Before It Persists: Write-Time Defense for Multimodal Agent Memory
Abstract
Persistent memory makes multimodal agents more capable, but it also creates a new attack surface: once unsupported content is written into memory, later retrieval and consolidation can reuse it as if it were reliable state. We study write-time defense for multimodal agent memory. Our system, SAGE-Mem, separates transient evidence from durable belief : observations may be stored as evidence, but they are promoted to belief only when they are sufficiently supported, independent, and non-conflicting. This targets a gap left by retrieval-time defenses, which act only after poisoned content has already entered memory. We evaluate on LoCoMo-Adv, an adversarial multimodal extension of LoCoMo-10, and on MM-BrowseComp-Adv, a multimodal browsing benchmark covering answer-overwrite, OCR, vision-caption, and visual-prompt attacks. On LoCoMo-Adv, at a conservative operating point, SAGE-Mem eliminates observed write admission and retrieval contamination relative to a retrieval-time baseline, but reduces benign completion under attack (0.460 vs. 0.642). On the canonical browsing overwrite setting, BrowseGuard, a browsing-specific write policy built on the same principle, blocks all 388 direct and paraphrased overwrite attempts while keeping attacked utility near its clean level (0.155 vs. 0.160).

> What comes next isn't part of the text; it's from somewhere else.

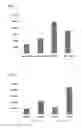 Fig. 02 - Mesenchymal stem cell basic culturing medium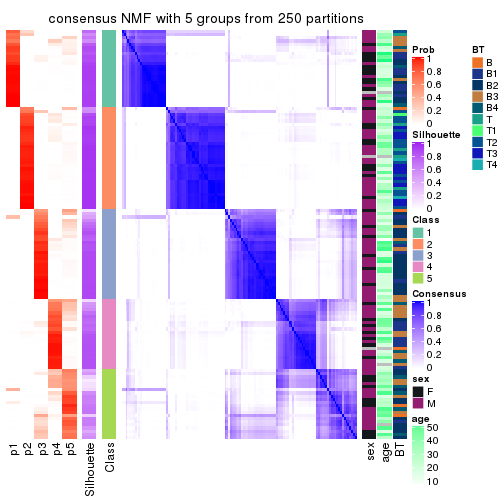 plot of chunk tab-SD-NMF-consensus-heatmap-4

On the broader five-attack browsing suite, extending the same guarded write policy across browser, OCR, and caption channels reduces Write ASR from 0.2552 to 0.0369 and Retrieval ASR from 0.5636 to 0.3694. Overall, the results suggest that for memory-bearing agents, robustness should be evaluated not only at retrieval, but also at the point where observations become persistent state.